Friday, October 2, 2009

Oct. 1, 2009
From: Bloomberg

Fossilized remnants of long-ago rainforests discovered in Illinois coal mines are providing clues about how trees and their ecosystems were able to withstand weather extremes from ice ages to global warming.

Tropical trees were pushed to the brink of extinction during ice ages and then bounced back to help form most of Earth’s coal resources 300 million years ago, according to a study published today in the journal Geology.

“Within certain limits, rainforests are resilient to climate change,” Howard Falcon-Lang from the University of London’s Royal Holloway College said ahead of the publication. “However, extreme climate change may push rainforests beyond a point of no return.”

The results of the study may help researchers understand the impact of climate change on forests in Brazil, Indonesia and elsewhere in the world.
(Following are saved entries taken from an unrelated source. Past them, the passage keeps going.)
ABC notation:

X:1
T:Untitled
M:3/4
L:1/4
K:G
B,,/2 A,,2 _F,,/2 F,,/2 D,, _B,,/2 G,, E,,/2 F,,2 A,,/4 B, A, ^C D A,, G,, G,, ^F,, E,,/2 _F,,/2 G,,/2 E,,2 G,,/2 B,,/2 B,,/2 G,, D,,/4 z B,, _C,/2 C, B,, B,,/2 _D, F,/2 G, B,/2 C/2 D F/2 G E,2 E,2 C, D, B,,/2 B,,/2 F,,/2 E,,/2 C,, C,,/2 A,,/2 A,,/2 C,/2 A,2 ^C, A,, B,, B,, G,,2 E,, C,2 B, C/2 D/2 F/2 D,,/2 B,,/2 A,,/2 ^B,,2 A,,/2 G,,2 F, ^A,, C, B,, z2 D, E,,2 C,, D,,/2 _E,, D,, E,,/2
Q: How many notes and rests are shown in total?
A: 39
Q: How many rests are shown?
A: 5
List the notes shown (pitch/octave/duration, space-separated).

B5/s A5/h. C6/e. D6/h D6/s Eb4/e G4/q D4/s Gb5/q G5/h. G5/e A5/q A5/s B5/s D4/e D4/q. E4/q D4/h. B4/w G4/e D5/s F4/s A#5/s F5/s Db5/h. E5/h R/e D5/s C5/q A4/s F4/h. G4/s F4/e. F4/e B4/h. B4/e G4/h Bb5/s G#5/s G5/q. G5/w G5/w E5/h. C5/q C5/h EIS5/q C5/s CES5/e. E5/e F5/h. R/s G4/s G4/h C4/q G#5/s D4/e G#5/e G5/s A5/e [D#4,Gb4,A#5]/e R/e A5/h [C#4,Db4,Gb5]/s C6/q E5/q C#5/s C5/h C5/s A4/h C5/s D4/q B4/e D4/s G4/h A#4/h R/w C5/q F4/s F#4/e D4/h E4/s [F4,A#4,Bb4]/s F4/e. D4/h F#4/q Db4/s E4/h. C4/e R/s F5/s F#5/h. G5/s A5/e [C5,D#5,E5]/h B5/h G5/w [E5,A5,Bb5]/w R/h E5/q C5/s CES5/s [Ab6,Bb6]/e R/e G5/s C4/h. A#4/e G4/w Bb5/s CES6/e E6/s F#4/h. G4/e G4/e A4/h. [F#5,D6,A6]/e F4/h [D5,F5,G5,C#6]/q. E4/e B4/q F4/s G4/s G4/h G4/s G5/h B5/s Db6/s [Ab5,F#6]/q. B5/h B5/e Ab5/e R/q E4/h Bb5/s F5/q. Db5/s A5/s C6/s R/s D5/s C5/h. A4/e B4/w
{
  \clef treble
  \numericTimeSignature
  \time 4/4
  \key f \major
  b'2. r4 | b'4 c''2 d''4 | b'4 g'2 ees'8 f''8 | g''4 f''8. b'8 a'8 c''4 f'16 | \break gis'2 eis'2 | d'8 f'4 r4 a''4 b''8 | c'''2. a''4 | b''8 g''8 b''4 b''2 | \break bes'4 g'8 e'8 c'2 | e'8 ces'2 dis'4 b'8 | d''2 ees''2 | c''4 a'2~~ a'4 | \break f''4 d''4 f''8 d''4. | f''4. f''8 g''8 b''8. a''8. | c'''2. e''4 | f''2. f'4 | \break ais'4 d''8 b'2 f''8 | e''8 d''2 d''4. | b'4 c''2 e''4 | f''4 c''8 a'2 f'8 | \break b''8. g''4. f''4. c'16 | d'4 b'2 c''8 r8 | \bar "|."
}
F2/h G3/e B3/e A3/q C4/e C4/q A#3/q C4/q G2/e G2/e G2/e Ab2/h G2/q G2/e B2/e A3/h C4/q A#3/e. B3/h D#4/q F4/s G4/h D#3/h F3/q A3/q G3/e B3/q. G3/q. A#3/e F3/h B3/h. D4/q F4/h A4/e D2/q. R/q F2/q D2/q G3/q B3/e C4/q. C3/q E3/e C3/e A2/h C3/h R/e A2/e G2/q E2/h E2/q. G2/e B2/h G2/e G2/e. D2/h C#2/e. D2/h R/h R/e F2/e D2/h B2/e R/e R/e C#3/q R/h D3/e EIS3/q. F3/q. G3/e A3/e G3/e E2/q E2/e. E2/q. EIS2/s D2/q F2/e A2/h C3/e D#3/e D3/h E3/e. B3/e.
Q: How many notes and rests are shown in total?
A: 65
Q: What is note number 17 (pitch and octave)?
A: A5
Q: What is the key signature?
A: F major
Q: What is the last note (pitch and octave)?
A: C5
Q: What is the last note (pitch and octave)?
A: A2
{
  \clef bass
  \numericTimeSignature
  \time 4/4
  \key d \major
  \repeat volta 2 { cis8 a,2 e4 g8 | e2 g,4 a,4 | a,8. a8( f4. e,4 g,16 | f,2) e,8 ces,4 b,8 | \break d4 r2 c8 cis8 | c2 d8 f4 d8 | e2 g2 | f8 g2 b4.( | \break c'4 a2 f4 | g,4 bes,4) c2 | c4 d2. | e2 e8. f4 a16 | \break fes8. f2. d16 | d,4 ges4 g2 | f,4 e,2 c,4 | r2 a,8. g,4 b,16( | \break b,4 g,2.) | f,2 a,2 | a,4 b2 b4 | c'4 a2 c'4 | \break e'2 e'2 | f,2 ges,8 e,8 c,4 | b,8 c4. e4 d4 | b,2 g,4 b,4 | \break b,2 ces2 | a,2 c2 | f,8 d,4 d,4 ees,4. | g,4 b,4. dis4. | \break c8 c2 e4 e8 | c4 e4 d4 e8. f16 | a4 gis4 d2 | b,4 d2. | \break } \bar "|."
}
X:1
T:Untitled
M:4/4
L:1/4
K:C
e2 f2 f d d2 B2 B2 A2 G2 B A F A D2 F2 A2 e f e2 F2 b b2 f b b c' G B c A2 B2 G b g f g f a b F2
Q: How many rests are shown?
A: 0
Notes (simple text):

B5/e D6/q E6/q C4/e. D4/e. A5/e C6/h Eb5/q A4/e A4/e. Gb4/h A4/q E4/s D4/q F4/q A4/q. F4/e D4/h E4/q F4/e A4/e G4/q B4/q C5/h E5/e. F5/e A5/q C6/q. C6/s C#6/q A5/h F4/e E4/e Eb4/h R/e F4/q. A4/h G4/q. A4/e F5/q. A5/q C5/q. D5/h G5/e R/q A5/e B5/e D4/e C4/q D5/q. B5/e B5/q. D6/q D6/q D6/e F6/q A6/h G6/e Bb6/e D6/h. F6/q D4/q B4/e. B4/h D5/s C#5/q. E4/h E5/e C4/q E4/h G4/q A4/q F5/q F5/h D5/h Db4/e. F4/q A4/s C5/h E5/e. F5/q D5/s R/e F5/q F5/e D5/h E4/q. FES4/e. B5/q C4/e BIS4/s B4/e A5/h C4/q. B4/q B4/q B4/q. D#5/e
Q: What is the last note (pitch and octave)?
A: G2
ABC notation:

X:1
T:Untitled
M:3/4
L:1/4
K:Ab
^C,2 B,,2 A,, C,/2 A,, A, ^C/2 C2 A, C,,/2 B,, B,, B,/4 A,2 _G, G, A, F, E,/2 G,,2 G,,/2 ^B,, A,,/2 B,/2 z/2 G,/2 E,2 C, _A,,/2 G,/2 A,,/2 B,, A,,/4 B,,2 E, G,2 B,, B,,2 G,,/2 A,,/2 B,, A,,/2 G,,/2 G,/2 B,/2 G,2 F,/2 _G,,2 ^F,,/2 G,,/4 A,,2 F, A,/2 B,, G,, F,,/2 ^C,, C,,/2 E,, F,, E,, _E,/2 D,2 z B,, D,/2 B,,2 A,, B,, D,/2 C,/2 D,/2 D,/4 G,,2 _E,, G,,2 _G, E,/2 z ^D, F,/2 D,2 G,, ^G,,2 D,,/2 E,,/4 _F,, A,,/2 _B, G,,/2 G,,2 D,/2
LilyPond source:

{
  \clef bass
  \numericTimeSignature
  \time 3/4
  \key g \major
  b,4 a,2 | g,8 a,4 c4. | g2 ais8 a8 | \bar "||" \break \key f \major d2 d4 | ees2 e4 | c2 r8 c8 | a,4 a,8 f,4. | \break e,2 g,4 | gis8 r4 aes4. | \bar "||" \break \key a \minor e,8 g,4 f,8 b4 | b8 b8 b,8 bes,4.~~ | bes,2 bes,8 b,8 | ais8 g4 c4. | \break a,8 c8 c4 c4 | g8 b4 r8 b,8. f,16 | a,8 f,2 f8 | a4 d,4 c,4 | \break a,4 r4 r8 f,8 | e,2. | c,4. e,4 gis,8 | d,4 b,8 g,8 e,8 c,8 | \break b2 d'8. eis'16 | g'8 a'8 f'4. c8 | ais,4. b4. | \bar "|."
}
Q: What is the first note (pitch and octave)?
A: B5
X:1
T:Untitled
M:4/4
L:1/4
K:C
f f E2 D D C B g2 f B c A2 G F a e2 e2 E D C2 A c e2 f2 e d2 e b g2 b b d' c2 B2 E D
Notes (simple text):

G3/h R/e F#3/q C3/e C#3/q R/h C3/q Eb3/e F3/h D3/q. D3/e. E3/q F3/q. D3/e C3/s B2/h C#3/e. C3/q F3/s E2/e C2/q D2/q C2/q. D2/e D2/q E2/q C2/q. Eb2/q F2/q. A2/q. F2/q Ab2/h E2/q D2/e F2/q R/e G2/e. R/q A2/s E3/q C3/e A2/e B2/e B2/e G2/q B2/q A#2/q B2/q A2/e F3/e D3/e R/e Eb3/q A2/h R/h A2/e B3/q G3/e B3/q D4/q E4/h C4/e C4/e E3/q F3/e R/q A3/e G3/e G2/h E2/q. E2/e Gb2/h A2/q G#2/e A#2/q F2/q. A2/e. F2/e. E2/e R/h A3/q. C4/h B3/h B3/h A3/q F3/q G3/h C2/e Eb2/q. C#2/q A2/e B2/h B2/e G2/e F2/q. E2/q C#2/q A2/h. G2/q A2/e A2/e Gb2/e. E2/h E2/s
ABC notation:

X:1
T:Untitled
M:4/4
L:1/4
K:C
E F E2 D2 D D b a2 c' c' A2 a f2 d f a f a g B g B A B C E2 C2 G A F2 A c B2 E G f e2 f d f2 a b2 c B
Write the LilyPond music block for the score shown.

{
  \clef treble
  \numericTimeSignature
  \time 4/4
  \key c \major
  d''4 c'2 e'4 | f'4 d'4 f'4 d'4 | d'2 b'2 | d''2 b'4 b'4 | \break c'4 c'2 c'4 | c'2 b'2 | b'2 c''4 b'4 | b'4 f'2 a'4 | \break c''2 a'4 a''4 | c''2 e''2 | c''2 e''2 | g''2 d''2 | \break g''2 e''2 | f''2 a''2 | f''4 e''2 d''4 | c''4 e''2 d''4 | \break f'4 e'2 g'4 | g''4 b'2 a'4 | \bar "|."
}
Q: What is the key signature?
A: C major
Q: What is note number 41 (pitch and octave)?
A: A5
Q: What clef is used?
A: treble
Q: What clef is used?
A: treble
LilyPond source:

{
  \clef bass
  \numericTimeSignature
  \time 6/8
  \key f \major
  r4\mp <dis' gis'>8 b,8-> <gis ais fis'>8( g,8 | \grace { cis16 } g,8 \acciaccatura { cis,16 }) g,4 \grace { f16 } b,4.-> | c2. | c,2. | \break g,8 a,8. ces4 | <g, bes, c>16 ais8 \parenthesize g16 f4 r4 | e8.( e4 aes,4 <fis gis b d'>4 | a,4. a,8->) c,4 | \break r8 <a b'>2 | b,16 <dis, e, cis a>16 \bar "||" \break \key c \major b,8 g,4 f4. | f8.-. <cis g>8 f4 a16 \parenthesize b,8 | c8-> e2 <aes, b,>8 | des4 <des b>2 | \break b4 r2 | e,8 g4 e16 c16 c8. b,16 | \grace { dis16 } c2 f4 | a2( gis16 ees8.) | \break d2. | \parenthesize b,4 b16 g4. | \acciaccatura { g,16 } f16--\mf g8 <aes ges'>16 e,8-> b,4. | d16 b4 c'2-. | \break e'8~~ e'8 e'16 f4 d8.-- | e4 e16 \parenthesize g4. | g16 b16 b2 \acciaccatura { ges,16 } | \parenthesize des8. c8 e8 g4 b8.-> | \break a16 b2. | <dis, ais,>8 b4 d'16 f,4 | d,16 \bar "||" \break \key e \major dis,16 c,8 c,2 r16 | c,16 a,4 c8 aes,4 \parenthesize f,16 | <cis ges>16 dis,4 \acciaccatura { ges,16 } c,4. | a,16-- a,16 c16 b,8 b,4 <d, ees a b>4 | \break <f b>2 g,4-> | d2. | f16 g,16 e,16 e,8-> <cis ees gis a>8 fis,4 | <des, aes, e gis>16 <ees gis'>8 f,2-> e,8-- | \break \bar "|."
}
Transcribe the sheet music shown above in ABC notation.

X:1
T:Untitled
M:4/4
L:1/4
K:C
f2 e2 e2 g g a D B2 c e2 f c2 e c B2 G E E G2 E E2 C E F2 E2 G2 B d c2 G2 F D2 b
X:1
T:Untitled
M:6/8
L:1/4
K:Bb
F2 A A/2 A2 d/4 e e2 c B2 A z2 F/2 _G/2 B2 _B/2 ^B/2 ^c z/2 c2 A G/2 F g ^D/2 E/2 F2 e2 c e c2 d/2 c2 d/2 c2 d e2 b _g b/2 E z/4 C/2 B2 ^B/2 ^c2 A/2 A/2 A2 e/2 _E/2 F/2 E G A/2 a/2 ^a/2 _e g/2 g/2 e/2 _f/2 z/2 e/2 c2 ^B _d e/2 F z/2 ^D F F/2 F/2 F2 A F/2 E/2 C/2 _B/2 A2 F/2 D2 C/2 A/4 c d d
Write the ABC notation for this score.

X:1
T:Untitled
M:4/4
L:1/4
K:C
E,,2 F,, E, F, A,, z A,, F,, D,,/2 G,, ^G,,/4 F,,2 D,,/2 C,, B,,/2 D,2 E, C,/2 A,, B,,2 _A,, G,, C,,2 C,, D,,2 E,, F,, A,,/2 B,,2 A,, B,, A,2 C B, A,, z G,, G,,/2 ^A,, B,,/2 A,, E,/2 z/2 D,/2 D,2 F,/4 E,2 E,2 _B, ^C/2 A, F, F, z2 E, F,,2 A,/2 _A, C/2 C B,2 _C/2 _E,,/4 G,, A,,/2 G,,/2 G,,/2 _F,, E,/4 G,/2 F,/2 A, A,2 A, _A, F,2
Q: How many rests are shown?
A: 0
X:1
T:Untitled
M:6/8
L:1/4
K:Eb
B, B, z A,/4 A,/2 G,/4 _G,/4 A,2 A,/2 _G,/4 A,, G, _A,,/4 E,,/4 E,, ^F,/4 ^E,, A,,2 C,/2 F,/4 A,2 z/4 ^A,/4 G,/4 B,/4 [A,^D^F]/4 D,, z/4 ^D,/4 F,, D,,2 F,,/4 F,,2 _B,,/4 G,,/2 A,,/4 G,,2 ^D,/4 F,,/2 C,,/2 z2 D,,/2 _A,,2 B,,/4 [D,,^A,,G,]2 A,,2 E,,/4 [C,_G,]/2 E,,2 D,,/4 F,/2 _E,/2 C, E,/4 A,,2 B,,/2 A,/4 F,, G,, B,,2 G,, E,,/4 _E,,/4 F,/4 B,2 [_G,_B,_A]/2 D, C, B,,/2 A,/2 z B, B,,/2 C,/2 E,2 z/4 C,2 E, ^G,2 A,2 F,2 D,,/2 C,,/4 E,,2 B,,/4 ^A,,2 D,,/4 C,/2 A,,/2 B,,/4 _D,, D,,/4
The Amazon basin in 2005 became a net emitter of carbon dioxide rather than absorbing the greenhouse gas as warmer Atlantic waters resulted in a drought in the world’s largest tropical rain forest.

At 6 million square kilometers (2.3 million square miles), the Amazonian forest is multiples larger in size than California and contains one-fifth of all species on Earth.

Rocks in coal mines in Illinois, where the scientists studied the ancient fossils, showed evidence of climate change over millions of years, the study said.